Substantial variation in protein-coding genes among human populations is being revealed through troves of genome sequence data. However, a new study presents a more thorough assessment of the number of variants in the human genome and of which of these variants detrimentally affects genes. The authors indicate that although the frequency of loss-of-function mutations may have been overestimated, they are still pervasive.

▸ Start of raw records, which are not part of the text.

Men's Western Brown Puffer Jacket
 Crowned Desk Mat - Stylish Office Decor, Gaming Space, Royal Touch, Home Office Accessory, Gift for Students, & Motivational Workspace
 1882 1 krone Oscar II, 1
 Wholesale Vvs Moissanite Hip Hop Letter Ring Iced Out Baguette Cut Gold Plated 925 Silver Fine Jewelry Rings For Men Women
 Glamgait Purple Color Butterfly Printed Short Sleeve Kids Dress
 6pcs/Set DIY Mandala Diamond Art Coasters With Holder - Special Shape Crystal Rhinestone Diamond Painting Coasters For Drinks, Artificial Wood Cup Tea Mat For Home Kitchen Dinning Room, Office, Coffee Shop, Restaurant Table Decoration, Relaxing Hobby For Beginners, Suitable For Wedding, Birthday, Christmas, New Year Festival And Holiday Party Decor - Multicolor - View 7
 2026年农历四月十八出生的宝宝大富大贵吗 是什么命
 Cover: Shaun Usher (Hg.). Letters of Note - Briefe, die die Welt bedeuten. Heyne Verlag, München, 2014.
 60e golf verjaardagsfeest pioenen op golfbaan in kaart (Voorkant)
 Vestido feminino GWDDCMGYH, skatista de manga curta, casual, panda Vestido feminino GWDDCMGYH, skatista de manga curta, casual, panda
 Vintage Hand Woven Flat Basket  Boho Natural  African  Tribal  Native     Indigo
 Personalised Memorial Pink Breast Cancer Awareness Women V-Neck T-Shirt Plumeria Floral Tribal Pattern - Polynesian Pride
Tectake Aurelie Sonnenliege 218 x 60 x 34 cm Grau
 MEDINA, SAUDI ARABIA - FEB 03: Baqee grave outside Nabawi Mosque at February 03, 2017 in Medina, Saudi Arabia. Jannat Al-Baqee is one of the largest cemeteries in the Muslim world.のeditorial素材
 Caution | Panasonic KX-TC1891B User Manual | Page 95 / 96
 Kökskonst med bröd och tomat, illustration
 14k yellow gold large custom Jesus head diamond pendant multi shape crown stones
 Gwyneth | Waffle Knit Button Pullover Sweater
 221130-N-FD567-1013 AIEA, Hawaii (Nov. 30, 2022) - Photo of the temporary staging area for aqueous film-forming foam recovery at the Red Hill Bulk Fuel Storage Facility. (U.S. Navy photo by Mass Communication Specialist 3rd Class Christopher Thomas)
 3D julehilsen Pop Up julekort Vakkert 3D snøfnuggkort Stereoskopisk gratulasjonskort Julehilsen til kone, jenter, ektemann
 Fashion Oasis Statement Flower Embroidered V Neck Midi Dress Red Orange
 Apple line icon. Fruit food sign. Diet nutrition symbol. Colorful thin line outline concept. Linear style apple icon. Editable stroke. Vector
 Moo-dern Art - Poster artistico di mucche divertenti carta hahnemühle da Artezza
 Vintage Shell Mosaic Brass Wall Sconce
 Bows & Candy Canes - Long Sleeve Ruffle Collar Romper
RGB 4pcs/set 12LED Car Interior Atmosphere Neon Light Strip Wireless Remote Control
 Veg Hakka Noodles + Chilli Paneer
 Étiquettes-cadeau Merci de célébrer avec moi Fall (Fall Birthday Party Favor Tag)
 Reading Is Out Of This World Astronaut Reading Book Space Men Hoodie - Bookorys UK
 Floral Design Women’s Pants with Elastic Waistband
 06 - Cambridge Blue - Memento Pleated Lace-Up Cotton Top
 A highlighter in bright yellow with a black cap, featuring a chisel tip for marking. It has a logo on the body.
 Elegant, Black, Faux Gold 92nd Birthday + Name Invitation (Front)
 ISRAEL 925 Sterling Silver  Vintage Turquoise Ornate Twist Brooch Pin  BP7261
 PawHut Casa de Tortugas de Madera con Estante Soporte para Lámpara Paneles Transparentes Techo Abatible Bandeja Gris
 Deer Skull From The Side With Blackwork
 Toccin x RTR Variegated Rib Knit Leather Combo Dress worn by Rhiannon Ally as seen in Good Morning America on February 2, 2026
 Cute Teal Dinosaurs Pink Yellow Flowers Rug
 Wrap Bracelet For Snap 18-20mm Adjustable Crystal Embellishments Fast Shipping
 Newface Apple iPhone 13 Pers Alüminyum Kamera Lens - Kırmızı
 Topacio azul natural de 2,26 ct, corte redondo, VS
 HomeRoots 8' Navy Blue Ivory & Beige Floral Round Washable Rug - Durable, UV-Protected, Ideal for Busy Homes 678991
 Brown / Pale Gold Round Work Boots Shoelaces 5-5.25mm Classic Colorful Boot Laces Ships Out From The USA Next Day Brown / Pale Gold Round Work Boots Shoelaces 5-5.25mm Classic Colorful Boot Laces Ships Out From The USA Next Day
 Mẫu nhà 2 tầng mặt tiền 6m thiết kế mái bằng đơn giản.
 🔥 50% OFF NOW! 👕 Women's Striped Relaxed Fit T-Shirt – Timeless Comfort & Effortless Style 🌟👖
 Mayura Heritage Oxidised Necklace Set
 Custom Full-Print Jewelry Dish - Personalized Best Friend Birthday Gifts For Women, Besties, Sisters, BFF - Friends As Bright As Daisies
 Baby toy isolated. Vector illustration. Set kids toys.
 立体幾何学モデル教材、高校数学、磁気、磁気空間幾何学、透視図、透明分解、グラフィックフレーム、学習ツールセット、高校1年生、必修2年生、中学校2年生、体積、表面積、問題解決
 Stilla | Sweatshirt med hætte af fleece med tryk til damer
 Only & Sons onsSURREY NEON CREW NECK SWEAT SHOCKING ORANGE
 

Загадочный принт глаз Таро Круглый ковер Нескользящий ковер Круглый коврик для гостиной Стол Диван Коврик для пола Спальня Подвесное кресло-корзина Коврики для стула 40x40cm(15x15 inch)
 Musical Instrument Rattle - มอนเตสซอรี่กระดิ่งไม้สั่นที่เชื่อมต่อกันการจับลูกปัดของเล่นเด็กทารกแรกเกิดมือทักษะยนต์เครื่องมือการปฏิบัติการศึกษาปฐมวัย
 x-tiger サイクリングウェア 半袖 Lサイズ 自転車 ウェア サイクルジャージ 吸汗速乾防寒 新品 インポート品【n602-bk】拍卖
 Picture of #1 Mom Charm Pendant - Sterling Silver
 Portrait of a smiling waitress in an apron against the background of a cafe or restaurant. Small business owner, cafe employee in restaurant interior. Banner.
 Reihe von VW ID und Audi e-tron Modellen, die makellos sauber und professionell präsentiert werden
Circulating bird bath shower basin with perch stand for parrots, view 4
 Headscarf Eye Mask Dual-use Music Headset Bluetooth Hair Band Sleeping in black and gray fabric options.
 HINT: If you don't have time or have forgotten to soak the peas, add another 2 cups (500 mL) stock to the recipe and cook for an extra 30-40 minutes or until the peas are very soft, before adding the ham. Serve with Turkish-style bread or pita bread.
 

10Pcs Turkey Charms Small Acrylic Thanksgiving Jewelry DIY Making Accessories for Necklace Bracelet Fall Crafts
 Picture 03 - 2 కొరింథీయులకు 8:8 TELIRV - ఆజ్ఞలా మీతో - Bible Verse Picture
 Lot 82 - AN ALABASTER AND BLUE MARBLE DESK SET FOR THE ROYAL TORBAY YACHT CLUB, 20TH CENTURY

MacArthur et al. used the whole-genome sequences of 185 humans from the 1000 Genomes project, which collectively have been claimed to contain 2,951 putative loss-of-function sequence variants. Apparent loss-of-function variants can result from many factors — including sequencing artefacts, erroneous annotation of sequence reads or inappropriate functional interpretation — so the authors carried out rigorous quality-control procedures to filter these variants into a 'high-confidence' list. First, they filtered the variants informatically to remove those variants for which the sequence context suggested no major effect on gene function (for example, a location at the 3′ end of the open reading frame). Next, they carried out independent sequencing approaches and re-annotation to filter the variants further, retaining only those that passed this technical validation. Overall, 1,285 (43.5%) of variants survived filtering, suggesting that sequencing projects have overestimated the prevalence of loss-of-function variants by more than twofold. However, this still implies that there are ~80 heterozygous and, importantly, ~20 homozygous loss-of-function variants in a typical healthy individual. The numbers could be higher, as the authors acknowledge that additional loss-of-function variants, such as rare variants or large-scale rearrangements, may have been missed by the initial sequencing projects.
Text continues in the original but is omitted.